Just for fun, I then put an entry level AudioQuest power cord (the $74 variety) into the Apple. It’s got a plug designed to fit right into the Apple TV. Unfortunately, Roku has an outboard power supply so there was no way to try an AudioQuest with it. The upgraded power cable caused the jitter I was seeing in the Apple TV to go away completely! I also thought I got an increase in clarity in outdoor scenes.
Now, what about the interfaces? Just like with picture quality, the navigation on the TV app or Oppo was sub-par compared to Apple TV or Roku. I found Netflix navigation to be the most fun on Apple TV. It’s just easier to find things to watch. However, Roku does have one pretty cool feature if you like to binge watch a single TV series. Most TV shows start off with a summary of the previous few episodes. If you’ve been watching for a couple of hours, this is annoying. With Roku, when a show ends, in 20 seconds it jumps to the next one in the series and has the intelligence to skip the “what happened last time” part of the show. Pretty cool! For sheer number of apps, you cannot beat the Roku. It’s got 1475 and is growing! Searching through the apps is very easy as well.
For streaming pay per view, there are a lot of choices available. You’ve got Amazon Prime, the Apple store, pay per view on cable or satellite, Roku has their own store, and there’s VUDU. For me, VUDU is the clear winner! You can get VUDU on Oppo and Roku. The Apple store and VUDU have great picture quality, but VUDU wins on the audio side – even offering 7.1 content on some films. VUDU also has an incredible interface for browsing movies. You can dive in by searching director, actress/actor, etc.
Another neat thing about VUDU is UltraViolet. Walmart bought VUDU a few years ago and their grand plan is coming into play now. Did you know you can go on your computer, drop in your own DVD or Blu-ray, and for a couple of bucks (in the case of a DVD) have the movie available in the cloud for streaming anywhere in the world? That is extremely cool. You can also pay $5 and have it upgraded to Blu-ray quality or upload a Blu-ray for $3. If you bought a new Blu-ray that has an Ultraviolet disc (and a lot these days do) the process is free!

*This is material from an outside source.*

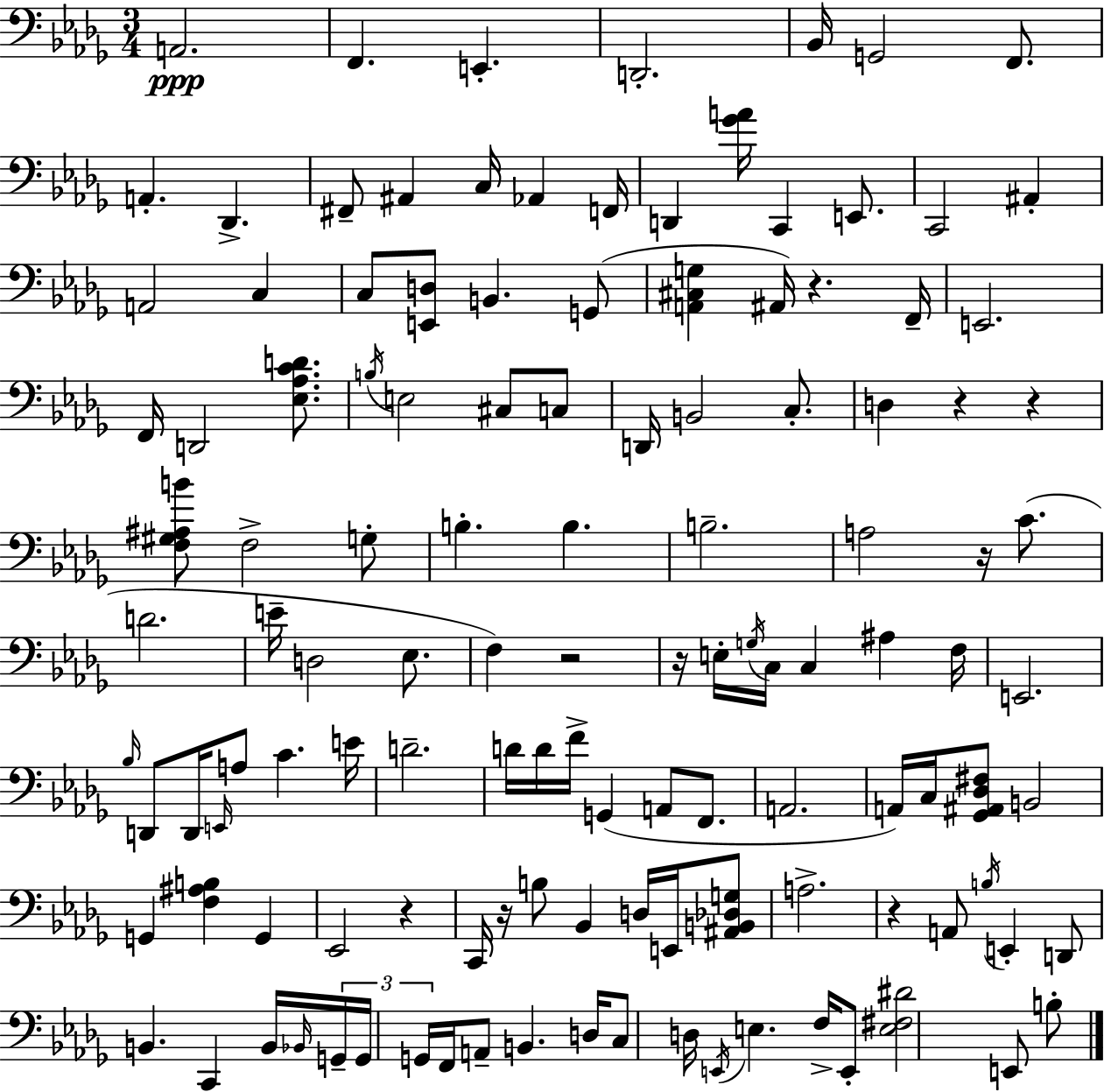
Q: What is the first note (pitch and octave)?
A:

While still in geek mode I did another comparison. I paid for uploading both a Blu-ray copy and regular DVD of a movie I owned in both formats. In the Oppo, the higher end HD version looked better streaming than playing the DVD. However, the actual Blu-ray disc looked a good deal better than streaming the HD version on VUDU. But think about this for traveling and when you’re on vacation: you can get s $50 Roku stick, plug it into any TV, and have access through VUDU to your uploaded movies or use an app to watch them on your tablet anywhere. That is pretty neat!
Both Roku and Oppo offer the VUDU app. Obviously Apple does not, as they want you to rent from the Apple store.

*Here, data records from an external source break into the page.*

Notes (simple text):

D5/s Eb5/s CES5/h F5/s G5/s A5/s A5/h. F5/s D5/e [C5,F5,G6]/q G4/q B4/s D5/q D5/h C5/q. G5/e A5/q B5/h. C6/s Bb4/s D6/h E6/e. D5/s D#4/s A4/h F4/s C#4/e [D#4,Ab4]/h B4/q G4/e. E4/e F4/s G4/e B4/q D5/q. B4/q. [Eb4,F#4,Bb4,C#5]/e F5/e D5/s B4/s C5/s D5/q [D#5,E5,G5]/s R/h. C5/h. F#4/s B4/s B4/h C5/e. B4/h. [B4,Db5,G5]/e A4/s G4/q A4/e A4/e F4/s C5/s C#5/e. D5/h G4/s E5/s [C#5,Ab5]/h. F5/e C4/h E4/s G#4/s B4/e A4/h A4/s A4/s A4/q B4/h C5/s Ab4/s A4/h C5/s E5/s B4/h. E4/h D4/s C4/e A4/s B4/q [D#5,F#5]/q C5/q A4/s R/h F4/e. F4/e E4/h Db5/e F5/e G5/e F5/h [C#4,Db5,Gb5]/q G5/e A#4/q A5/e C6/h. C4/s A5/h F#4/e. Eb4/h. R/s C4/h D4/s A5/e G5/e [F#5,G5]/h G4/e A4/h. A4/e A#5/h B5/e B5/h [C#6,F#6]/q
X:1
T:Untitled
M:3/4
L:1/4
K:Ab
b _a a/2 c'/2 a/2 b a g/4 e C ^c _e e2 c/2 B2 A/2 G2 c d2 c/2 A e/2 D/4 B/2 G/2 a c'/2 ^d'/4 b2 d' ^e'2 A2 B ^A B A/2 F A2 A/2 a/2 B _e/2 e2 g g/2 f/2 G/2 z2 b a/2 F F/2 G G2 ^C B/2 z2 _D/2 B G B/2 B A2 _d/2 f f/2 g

So who is the winner? I decided I did not need the 1475 apps on the Roku and our family does not binge watch TV series over many hours in a single sitting. The Apple TV with a good HDMI cable and upgraded power cord is the best way to watch Netflix for me. I use the Oppo 103D as my VUDU intereface.

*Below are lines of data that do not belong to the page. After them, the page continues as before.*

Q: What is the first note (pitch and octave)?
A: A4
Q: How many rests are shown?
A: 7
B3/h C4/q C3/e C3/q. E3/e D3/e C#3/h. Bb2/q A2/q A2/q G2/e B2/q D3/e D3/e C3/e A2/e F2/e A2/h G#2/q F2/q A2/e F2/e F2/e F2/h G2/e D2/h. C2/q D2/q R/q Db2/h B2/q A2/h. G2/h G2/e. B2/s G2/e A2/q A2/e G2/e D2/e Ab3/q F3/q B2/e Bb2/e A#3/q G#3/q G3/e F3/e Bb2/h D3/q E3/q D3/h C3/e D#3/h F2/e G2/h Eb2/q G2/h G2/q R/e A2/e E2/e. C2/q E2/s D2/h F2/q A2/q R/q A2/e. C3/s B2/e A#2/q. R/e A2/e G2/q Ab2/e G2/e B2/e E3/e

I hope these tests will help you pick the best way to get into streaming video. Remember, once the movie or show starts, it’s all about the picture and sound experience. Making sure those are as good as they can be is the most important thing of all!
Update 6-6-2014 –
Oppo has upgraded their Netflix app to the same one used by the Roku along with adding several improvements of their own on how the streaming video is processed. The improvements are tremendous. If all you need are Netflix and VUDU, the Oppo is the best choice, plus you can easily upgrade its power cable for even better performance.